- Installed: 1983
- Term ended: December 2, 2023
- Predecessor: Office established
- Successor: William Jenkins^{[unreliable source?]}^{[better source needed]}
- Other post: Founder of the Congregation of Saint Pius V

Orders
- Ordination: April 14, 1973 by Marcel Lefebvre
- Consecration: October 19, 1993 by Alfredo Méndez-Gonzalez

Personal details
- Born: Clarence James Kelly November 23, 1941 Brooklyn, New York, U.S.
- Died: December 2, 2023 (aged 82)
- Denomination: Catholic

= Clarence Kelly =

American sedevacantist Catholic bishop (1941–2023)

Clarence James Kelly (November 23, 1941 – December 2, 2023) was an American sedevacantist Catholic bishop. He was a co-founder of the Society of Saint Pius V and the founder of the Congregation of Saint Pius V.

Kelly attended the Catholic University of America between 1967 and 1969 where he studied philosophy. He began his theology studies in 1969 at the Seminary of the Immaculate Conception in Huntington, New York.

==Priesthood==
===Society of Saint Pius X (SSPX)===
In 1971, Clarence Kelly joined the Society of Saint Pius X (SSPX) Seminary at Écône, Switzerland. On April 24, 1973, in Écône, Kelly was ordained a priest for the Society by Archbishop Marcel Lefebvre.
After his ordination, he returned to the United States and undertook some speaking engagements for the John Birch Society. He eventually became the superior of the SSPX's North-East district of the United States.

===Society of Saint Pius V (SSPV)===
Archbishop Lefebvre directed the SSPX's priests to follow the 1962 liturgical books. Fr Kelly and eight other American priests refused to do this.

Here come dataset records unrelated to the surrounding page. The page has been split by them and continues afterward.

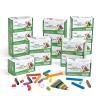 hand2mind Wooden Cuisenaire Rods Classroom Set, Teaching Fraction Bars, Montessori Math Manipulatives, Math Teacher Must Haves Elementary, Kindergarten Homeschool Supplies (15 Sets of 74)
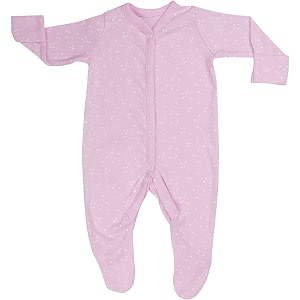 little peaches newborn baby front open long sleeve 100 cotton unisex sleep suitromper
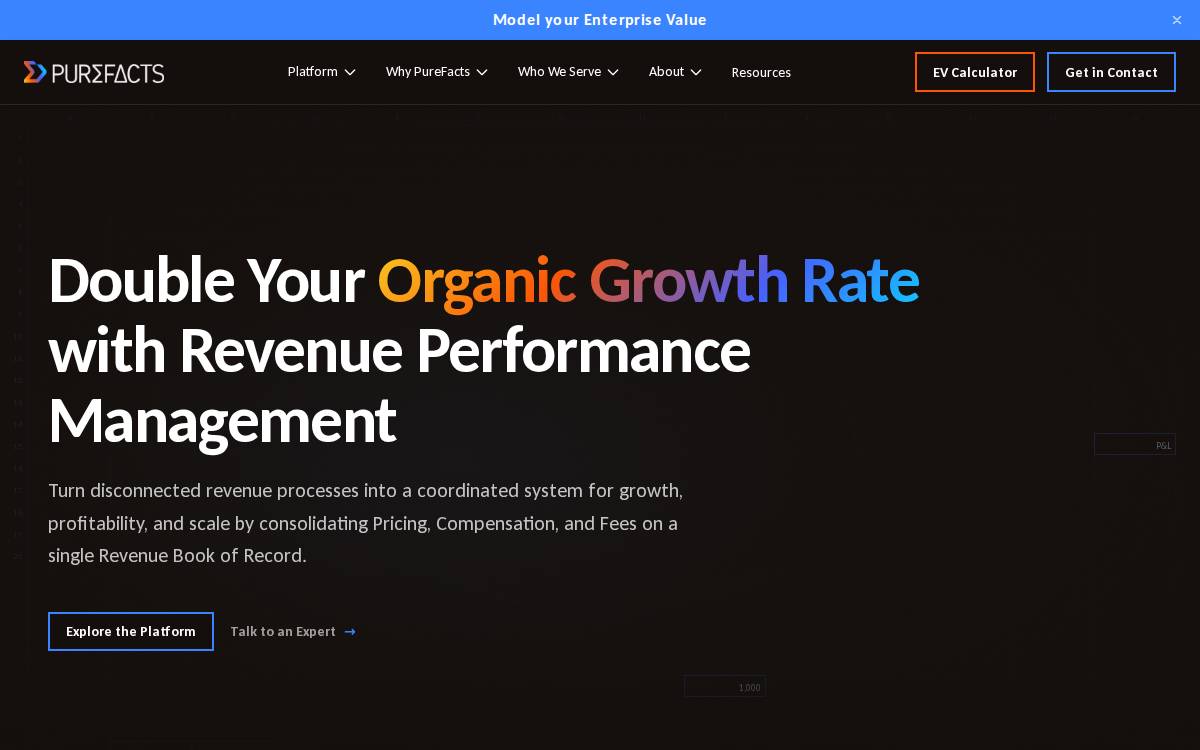 Purefacts website preview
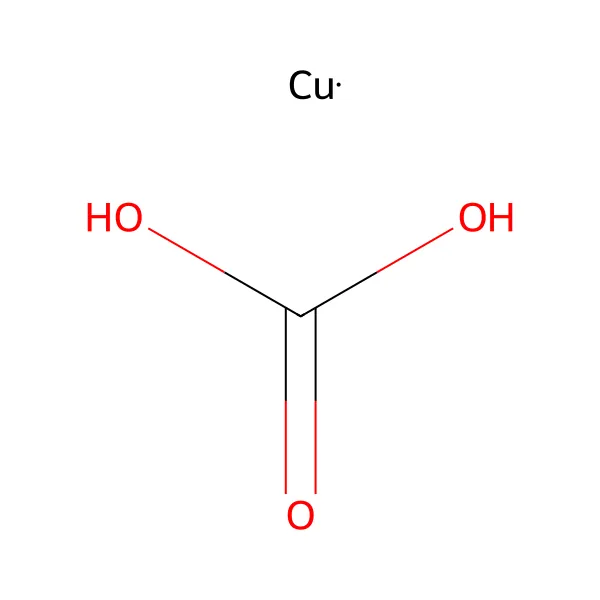 Bakır karbonat molekül yapısı — CAS 1184-64-1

On April 27, 1983, these nine priests, along with some seminarians who were sympathetic to them, were expelled from the SSPX by Lefebvre for their refusal to use the 1962 Missal and for other reasons, such as their resistance to Lefebvre's order that priests of the SSPX must accept the decrees of nullity handed down by diocesan marriage tribunals and their disapproval of the SSPX's policy of accepting into the society new members who had been ordained to the priesthood according to the revised sacramental rites of Paul VI.

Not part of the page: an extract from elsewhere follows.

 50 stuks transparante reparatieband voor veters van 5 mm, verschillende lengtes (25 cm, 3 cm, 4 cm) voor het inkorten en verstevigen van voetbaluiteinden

Almost immediately, these priests, with Kelly as their leader, formed the Society of Saint Pius V (SSPV), which held that it is at least a debatable question whether the popes since 1958 have been legitimate Roman Pontiffs. The Society does not believe that it has the right to decide the question of sedevacantism definitively, but believes that "those who presently are thought to be occupying hierarchical positions in the Catholic Church are acting, for the most part, as though they do not have the Faith, according to all human means of judging".
They reject any changes to the Mass (including changes made to the Holy Week Ceremonies by Pope Pius XII in 1955), and adhere to the preconciliar Code of Canon Law. They view as doubtfully valid any ordinations performed after the changes to the Sacrament of Holy Orders. Kelly was replaced by Father Richard Williamson as the superior of the SSPX's North-East district of the United States.

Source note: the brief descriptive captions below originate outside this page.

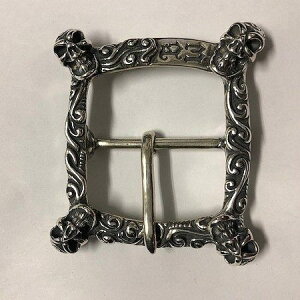 ���i��K&W �yBill Wall Leather(�r���E�H�[�����U�[)�zSquare Wave With 4 Good Luck Skull Belt Buckle �x���g�o�b�N�� ���̑��A�p�����O�b�Y �A�p����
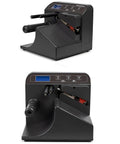 Automatic Wrap Machine 180W For Inflatable Packaging with control panel for speed and temperature, shown from front and side angles.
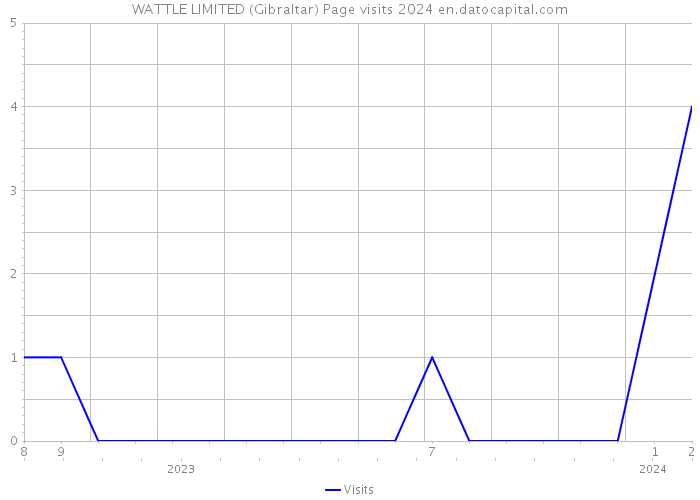 WATTLE LIMITED (Gibraltar) Page visits 2024 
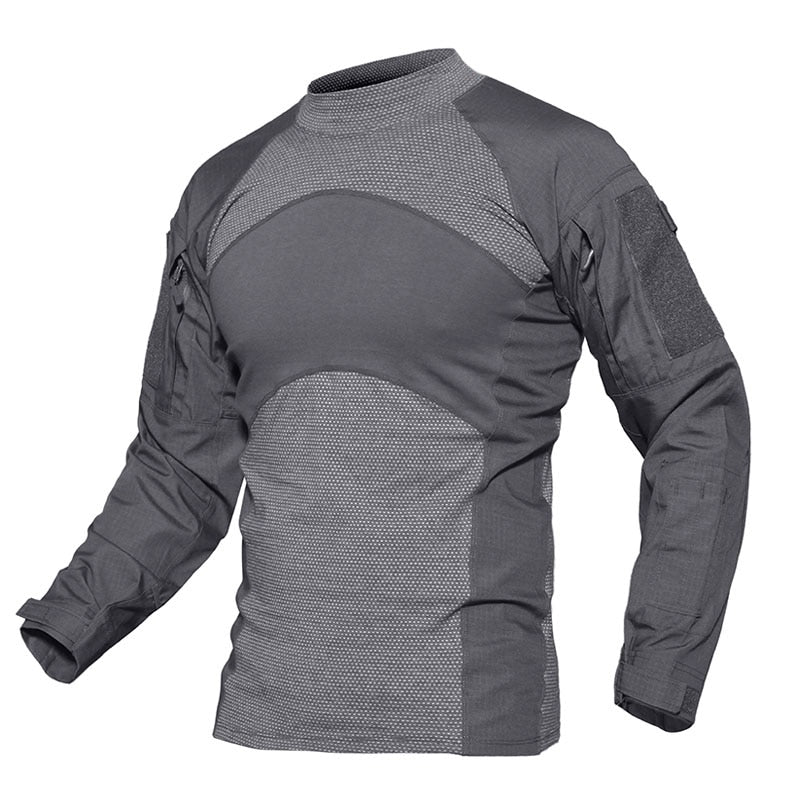 Crimson Wildtrack Gear | Men - Tactical Combat Shirt - Lightweight, Quick-Dry Fabric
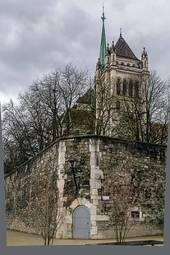 Fotoroleta antyczny wieża kościół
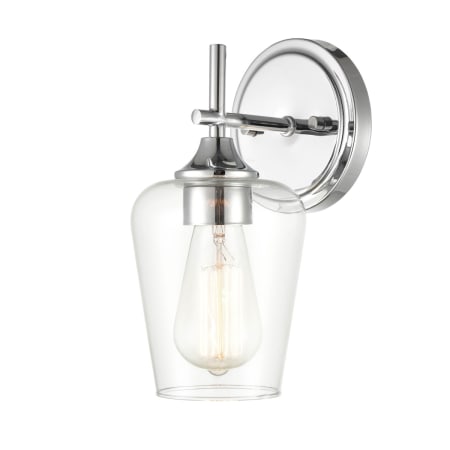 A large image of the Millennium Lighting 9701 Chrome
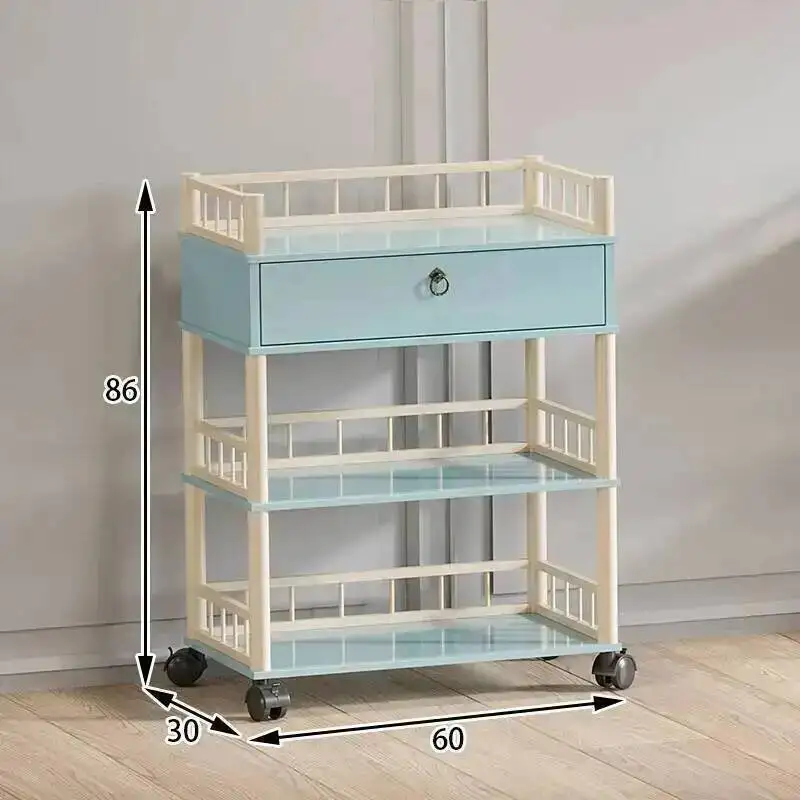 Trolley Salon Barber Aesthetic Cart Cleaning Furniture Pedicure Esthetician Beauty Chariot Service Muebles Belleza Decor Tattoo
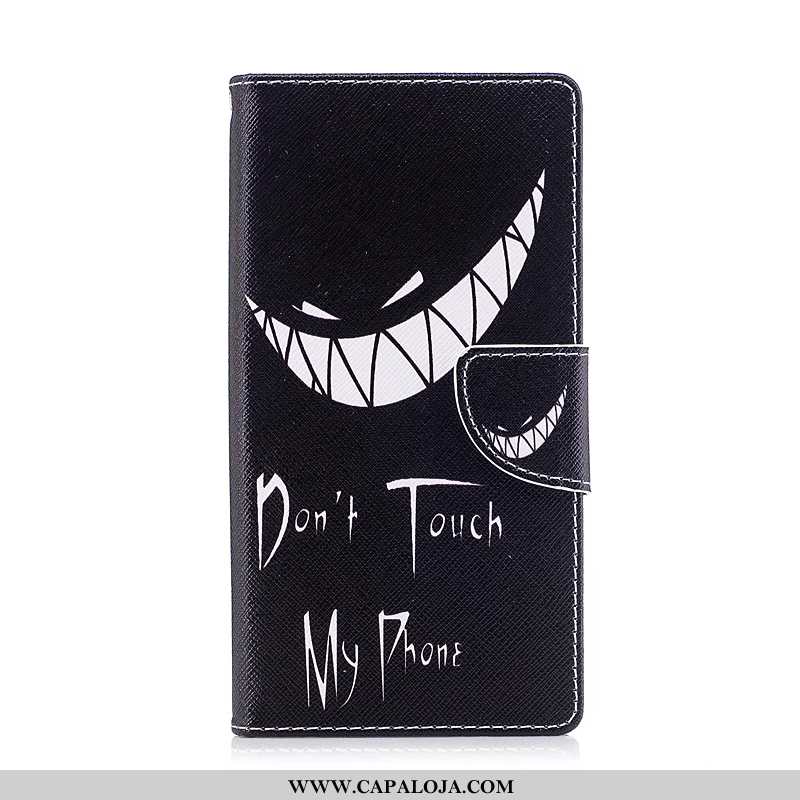 Capa Sony Xperia Xz1 Compact Protetoras Azul Cover Pintado, Capas Sony Xperia Xz1 Compact Couro Bara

In part due to Kelly's rejection of the validity of sedevacantist bishops consecrated by or in the lineage of Bishop Ngô Đình Thục, some of the original priests of the SSPV, such as Father Daniel Dolan, Father Anthony Cekada, Father Donald Sanborn, and Father Thomas Zapp, broke away from the society.

In 1984, Kelly purchased a former Catskills resort in Round Top, New York, and established St. Joseph's Novitiate. There he also founded the Daughters of Mary, Mother of Our Savior, a congregation of religious sisters.

Lengthy litigation followed the expulsion of Kelly and others from the SSPX over the disposition of property and churches. In 1985, Kelly, Cekada, Dolan, and Sanborn sued Schmidberger, Williamson, Bolduc, and others related to the SSPX for libel.

==Episcopacy==
On October 19, 1993, in Carlsbad, California, Kelly was consecrated a bishop by Bishop Alfredo Méndez-Gonzalez, the retired Bishop of Arecibo, Puerto Rico.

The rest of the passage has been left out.